BEGIN THE INPUT
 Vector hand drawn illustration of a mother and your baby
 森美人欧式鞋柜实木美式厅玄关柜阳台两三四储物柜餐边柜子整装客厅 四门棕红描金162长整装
END THE INPUT
BEGIN THE INPUT
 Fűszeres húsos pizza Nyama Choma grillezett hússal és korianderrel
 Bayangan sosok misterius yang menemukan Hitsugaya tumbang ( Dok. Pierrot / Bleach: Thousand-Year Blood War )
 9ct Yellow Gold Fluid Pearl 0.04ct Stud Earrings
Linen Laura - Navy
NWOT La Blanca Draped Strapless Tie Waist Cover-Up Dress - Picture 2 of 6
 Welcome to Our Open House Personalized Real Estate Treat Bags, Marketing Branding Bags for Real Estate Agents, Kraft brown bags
END THE INPUT
(THE TASK) Set down, exactly as they stand above, the lines starting with the line with "Linen Laura - Navy" and going on through the line with "Welcome to Our", and no others.

(PROBLEM SOLUTION)
Linen Laura - Navy
NWOT La Blanca Draped Strapless Tie Waist Cover-Up Dress - Picture 2 of 6
 Welcome to Our Open House Personalized Real Estate Treat Bags, Marketing Branding Bags for Real Estate Agents, Kraft brown bags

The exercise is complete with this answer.